I do not think for a minute that Craig Levein, Andy Robinson and Gordon Strachan have ever set out to fail, or to do anything other than please Scottish people. With the benefit of hindsight, though, maybe the SNP government should be starting to wonder whether they made the right decision when, having promised to break up sportscotland ahead of first coming to power, they then failed to do so.

An opportunity to completely overhaul sport in this country was missed at that stage and things have gone from bad to worse since.

Coach after coach has been sacked in both football and rugby but the reality is there is a desperate lack of talent emerging and that is down to the failure to stimulate interest and encourage competition at an early age.

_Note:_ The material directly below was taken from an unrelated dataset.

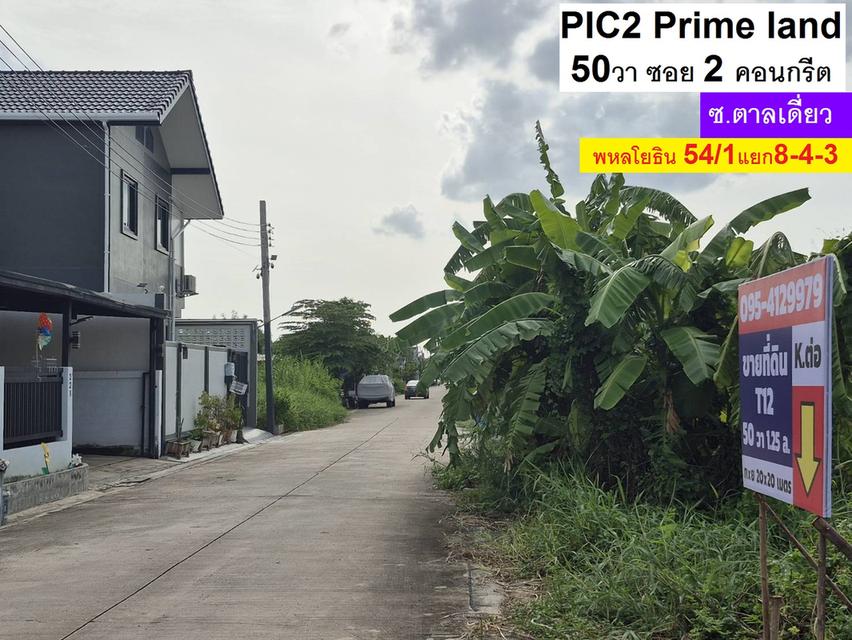 ขายที่ดิน พหลโยธิน 54/1แยก8-4-3 ซอยตาลเดี่ยว 50 วาแปลงสวย ซอย2 คอนกรีตแปลงสุด ท้าย ทิศใต้ด่วน 1.25 ล้านบาทสุดท้าย หรือคุณจะเข้าสายไหมซอย 6 ก10ม ย20ม. 2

We live in a country where, bizarrely, it has been considered wrong to encourage sporting competition in schools so as to ensure that less physically-orientated pupils are not made to feel inferior, while at the same time allowing those whose strengths lie in their physical prowess to feel inferior if their academic performance does not measure up.

That is partly a result of the attitudes of teachers and local councils but also of the governing bodies failing miserably to promote the importance of competitive sport in schools, the one place where they have access to all pupils and the opportunity to find out what they are good at.

On which note, I recently pointed towards the reversion of the Scotland rugby team to reliance on its three traditional heartlands of the Borders, private schools and imports.

The anticipated howls of protest, claiming anti-Borders tendencies or chippiness towards the private sector, did not materialise. Instead a couple of freelance colleagues have been sending me messages in the interim pointing out the extent to which that reliance is repeated in the current national under-18 and under-16 squads.

As with the likes of Levein, Robinson and Strachan at senior level, the blame does not lie with those selecting the players, but with those who are not giving state school pupils in our biggest population areas the opportunity to develop and hone their skills in a properly competitive environment at an earlier age.Yet no-one wants to discuss this among the powers-that-be because no-one in sports governing bodies seems to want to be subjected to any sort of measure of their performance.

In recent years I have been approached by a succession of sports bodies seeking increased coverage. Their approaches have always been welcomed, with the caveat always included that they must accept that increased coverage also means increased scrutiny.

To a man and a woman those involved claim at the outset to understand that before gratefully acknowledging any increased coverage and offering thanks for support, invariably laughing off my reminders at that point that our job is not to support, but to report.

Thereafter comes the inevitable next phase when the interest raised means that those who believe there are issues to be raised within the sport in question bring them forward. That is not the sort of coverage that was sought and so those who asked for the attention either complain or retreat into silence because what they really wanted was not coverage but free advertising.

A characteristic of modern sports administration in this country seems to be the need to talk everything up while dismissing as kill-joys those who point out failings. The consequences of failing to apply proper self-criticism has, then, left us forced to agree with a Welsh has-been who tells us our national football team is the worst we have ever had.

Meanwhile, some are trying to tell us we should gratefully race to appoint permanently the caretaker coach who oversaw a Six Nations campaign in which our rugby team lost more matches than they won.

It is time, perhaps, to consider what has happened to our self-respect and whether, in this civilised battle for the future, irrevocable damage has already been done to morale at a time when some are hoping to maximise a sense of Scottish national pride.